Aye, it’s been one of those days where the ore fights back. I was down in the tunnels near Minoc, pickaxe in hand, sweat stinging my eyes from the torchlight’s flicker. Twenty-six swings that dug iron from stone, but half the time I’d swing true only to find another miner already crowding the vein—like vultures on a carcass. I’d step back, knuckles white on the haft, breathing dust. The sixth time I got blocked trying to reach that rich patch near (2517,506), I nearly cursed loud enough to wake the dead. But I held it in. Just spat on the rock instead and moved deeper, where the air’s thick and the walls hum with old magic.
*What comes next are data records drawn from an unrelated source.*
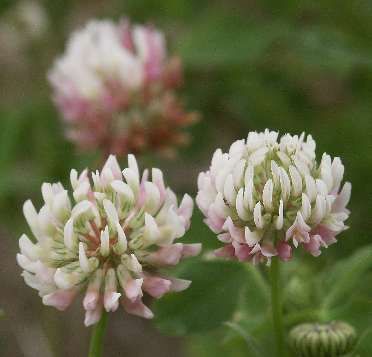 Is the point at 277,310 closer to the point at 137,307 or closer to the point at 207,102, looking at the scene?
the point at 137,307

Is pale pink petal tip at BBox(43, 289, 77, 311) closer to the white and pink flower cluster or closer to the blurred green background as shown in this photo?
the blurred green background

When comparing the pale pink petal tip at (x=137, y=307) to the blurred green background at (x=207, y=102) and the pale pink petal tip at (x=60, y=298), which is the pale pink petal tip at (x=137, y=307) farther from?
the blurred green background at (x=207, y=102)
Then came the forge—the real heart of it. Back at the mine forge, I fed that raw ore into hungry flames, seven batches under my belt before the tongs snapped. Just cracked clean through on the eighth, red-hot iron slag dripping onto the stone. Felt like a kick to the gut. I stood there, sweat cooling on my neck, staring at the broken iron jaws. Forty-nine ingots in my pack, heavy as a promise, and suddenly it all felt pointless. But I wiped my hands, cursed properly this time, and borrowed a pair from old Borin’s abandoned setup. The flame roared back. Each hiss of smelting, each ring of hammer on anvil at the Minoc blacksmith—it wasn’t just work. It was proof. Proof I could bend the world a little, even when it resists.
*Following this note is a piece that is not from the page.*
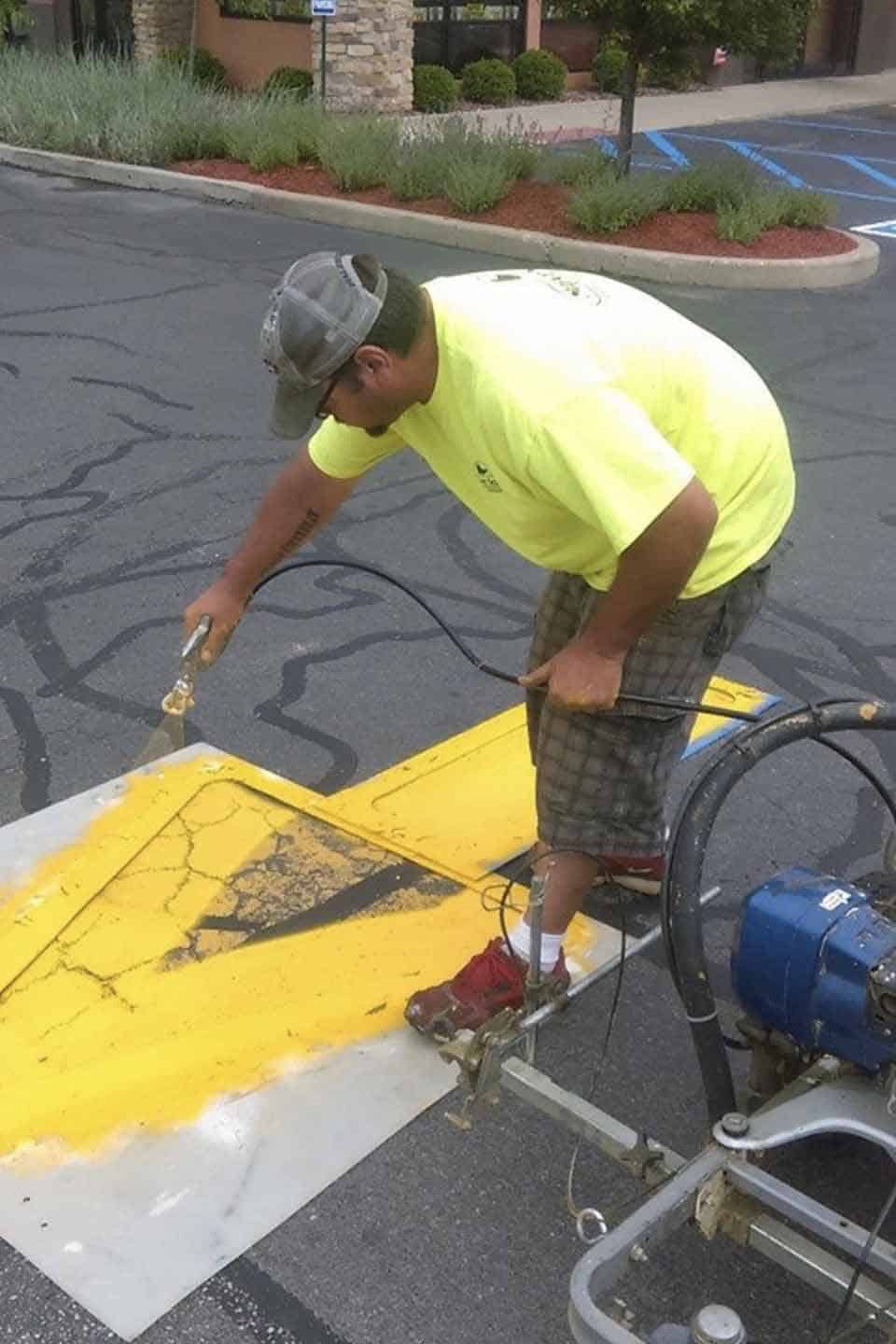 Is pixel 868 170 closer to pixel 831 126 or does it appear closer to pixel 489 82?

I forged a cutlass later, one good piece out of the heat and strain. Balanced it in my hand—cold steel, sharp edge catching the lamplight. Felt right. Not just useful, but earned. I carried it through Minoc’s cobbled lanes, past the Provisioner’s South, headed for the Arms trader. Twenty paces from the shop, the weight in my pack reminded me: gold’s scarce, but skill isn’t. Tomorrow, I’ll mend those tongs. Forge my own. And maybe, just maybe, swing back to that blocked vein with a pick harder than the stone.